## ASSIGNMENT
Find "F7XE 市場 グッズプロ" and "長野県の相談員 三澤様、高須様とリージョナルキャリア長野の浦野" in the records below. Copy the lines holding them and every line between, exactly, and no others.

START DATA FOR THIS EXERCISE

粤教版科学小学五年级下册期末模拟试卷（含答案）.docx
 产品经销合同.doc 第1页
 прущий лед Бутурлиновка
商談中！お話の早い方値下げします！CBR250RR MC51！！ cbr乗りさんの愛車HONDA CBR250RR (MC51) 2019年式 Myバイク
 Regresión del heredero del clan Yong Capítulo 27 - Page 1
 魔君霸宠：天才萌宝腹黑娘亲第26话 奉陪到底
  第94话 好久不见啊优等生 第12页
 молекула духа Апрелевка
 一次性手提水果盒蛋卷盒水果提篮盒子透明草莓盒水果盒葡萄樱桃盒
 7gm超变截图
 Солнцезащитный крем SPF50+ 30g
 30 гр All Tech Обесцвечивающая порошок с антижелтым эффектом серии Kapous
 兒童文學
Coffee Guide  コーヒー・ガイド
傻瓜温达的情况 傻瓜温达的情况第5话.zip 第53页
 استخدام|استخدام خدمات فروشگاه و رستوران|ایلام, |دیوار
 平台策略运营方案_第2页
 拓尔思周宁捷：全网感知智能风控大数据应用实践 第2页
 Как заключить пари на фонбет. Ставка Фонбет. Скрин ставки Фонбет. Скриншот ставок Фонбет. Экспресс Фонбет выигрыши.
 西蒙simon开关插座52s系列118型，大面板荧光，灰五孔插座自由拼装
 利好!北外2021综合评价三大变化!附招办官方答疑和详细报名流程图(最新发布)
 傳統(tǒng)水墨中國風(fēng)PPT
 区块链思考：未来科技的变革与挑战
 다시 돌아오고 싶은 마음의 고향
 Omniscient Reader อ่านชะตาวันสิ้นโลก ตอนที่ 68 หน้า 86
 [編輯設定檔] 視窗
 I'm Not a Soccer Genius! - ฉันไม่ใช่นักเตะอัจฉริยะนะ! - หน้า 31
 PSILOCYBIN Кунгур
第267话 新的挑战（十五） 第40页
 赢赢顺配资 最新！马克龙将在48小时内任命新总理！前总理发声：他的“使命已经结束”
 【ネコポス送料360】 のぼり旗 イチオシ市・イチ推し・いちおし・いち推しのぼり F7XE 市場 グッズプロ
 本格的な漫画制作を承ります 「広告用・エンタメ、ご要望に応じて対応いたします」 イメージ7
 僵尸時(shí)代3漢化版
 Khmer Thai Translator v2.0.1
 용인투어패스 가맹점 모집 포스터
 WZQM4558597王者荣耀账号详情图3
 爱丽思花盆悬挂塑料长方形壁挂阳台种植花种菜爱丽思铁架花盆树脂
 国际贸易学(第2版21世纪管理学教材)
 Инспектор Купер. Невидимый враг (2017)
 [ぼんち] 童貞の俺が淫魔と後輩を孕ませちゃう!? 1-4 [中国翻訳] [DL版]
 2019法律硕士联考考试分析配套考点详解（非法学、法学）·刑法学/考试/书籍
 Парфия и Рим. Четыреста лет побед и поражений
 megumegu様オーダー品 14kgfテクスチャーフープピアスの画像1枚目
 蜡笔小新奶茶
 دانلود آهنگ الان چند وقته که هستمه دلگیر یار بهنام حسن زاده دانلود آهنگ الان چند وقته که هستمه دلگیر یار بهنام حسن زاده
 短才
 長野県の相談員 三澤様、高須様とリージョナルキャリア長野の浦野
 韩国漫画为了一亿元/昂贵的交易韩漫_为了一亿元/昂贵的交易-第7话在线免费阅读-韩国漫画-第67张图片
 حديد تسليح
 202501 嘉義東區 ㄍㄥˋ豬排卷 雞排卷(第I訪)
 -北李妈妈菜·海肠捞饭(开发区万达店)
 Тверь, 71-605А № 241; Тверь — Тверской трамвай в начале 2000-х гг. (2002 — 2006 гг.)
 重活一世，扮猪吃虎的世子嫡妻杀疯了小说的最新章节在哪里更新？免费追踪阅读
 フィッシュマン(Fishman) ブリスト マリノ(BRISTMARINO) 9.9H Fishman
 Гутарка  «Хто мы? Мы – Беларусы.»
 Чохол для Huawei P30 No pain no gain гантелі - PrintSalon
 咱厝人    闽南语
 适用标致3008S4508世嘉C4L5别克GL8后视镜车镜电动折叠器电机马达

END DATA FOR THIS EXERCISE

## EXPECTED ANSWER
 【ネコポス送料360】 のぼり旗 イチオシ市・イチ推し・いちおし・いち推しのぼり F7XE 市場 グッズプロ
 本格的な漫画制作を承ります 「広告用・エンタメ、ご要望に応じて対応いたします」 イメージ7
 僵尸時(shí)代3漢化版
 Khmer Thai Translator v2.0.1
 용인투어패스 가맹점 모집 포스터
 WZQM4558597王者荣耀账号详情图3
 爱丽思花盆悬挂塑料长方形壁挂阳台种植花种菜爱丽思铁架花盆树脂
 国际贸易学(第2版21世纪管理学教材)
 Инспектор Купер. Невидимый враг (2017)
 [ぼんち] 童貞の俺が淫魔と後輩を孕ませちゃう!? 1-4 [中国翻訳] [DL版]
 2019法律硕士联考考试分析配套考点详解（非法学、法学）·刑法学/考试/书籍
 Парфия и Рим. Четыреста лет побед и поражений
 megumegu様オーダー品 14kgfテクスチャーフープピアスの画像1枚目
 蜡笔小新奶茶
 دانلود آهنگ الان چند وقته که هستمه دلگیر یار بهنام حسن زاده دانلود آهنگ الان چند وقته که هستمه دلگیر یار بهنام حسن زاده
 短才
 長野県の相談員 三澤様、高須様とリージョナルキャリア長野の浦野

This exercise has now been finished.